Instructions for the task =
Take the data from its first line. Print each line exactly until the line containing "Danish Two 1950s" has been printed too.

Short web captions:
━━━

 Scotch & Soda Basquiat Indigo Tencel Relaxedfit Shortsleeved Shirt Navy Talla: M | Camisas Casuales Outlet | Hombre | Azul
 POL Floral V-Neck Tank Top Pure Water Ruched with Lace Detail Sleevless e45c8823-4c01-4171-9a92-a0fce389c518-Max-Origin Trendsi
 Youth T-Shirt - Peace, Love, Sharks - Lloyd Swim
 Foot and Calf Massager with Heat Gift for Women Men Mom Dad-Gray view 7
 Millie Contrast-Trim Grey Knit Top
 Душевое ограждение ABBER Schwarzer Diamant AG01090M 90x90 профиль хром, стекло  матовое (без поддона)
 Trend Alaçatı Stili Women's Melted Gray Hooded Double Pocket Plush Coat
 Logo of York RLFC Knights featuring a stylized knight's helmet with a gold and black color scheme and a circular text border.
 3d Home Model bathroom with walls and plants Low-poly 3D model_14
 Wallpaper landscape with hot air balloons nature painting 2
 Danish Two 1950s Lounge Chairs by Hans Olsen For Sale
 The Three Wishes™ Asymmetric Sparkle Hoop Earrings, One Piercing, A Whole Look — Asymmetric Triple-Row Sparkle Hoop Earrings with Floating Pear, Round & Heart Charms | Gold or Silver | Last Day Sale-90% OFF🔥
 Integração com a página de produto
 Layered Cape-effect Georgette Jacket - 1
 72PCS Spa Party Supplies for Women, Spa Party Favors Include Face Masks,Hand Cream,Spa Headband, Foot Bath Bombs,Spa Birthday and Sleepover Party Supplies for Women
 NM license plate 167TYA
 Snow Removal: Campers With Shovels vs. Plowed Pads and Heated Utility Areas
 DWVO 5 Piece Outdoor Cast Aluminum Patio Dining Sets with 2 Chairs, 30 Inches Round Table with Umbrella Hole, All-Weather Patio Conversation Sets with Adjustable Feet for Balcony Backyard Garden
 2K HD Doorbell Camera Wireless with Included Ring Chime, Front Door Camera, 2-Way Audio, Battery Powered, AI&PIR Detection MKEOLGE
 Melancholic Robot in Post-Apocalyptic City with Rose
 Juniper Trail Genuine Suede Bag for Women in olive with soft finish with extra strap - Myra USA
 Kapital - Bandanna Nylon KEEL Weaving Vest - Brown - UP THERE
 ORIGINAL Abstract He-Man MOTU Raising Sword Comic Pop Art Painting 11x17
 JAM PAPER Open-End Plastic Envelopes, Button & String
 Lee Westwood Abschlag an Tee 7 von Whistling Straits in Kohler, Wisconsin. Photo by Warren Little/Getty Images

━━━

Result of this exercise =
 Scotch & Soda Basquiat Indigo Tencel Relaxedfit Shortsleeved Shirt Navy Talla: M | Camisas Casuales Outlet | Hombre | Azul
 POL Floral V-Neck Tank Top Pure Water Ruched with Lace Detail Sleevless e45c8823-4c01-4171-9a92-a0fce389c518-Max-Origin Trendsi
 Youth T-Shirt - Peace, Love, Sharks - Lloyd Swim
 Foot and Calf Massager with Heat Gift for Women Men Mom Dad-Gray view 7
 Millie Contrast-Trim Grey Knit Top
 Душевое ограждение ABBER Schwarzer Diamant AG01090M 90x90 профиль хром, стекло  матовое (без поддона)
 Trend Alaçatı Stili Women's Melted Gray Hooded Double Pocket Plush Coat
 Logo of York RLFC Knights featuring a stylized knight's helmet with a gold and black color scheme and a circular text border.
 3d Home Model bathroom with walls and plants Low-poly 3D model_14
 Wallpaper landscape with hot air balloons nature painting 2
 Danish Two 1950s Lounge Chairs by Hans Olsen For Sale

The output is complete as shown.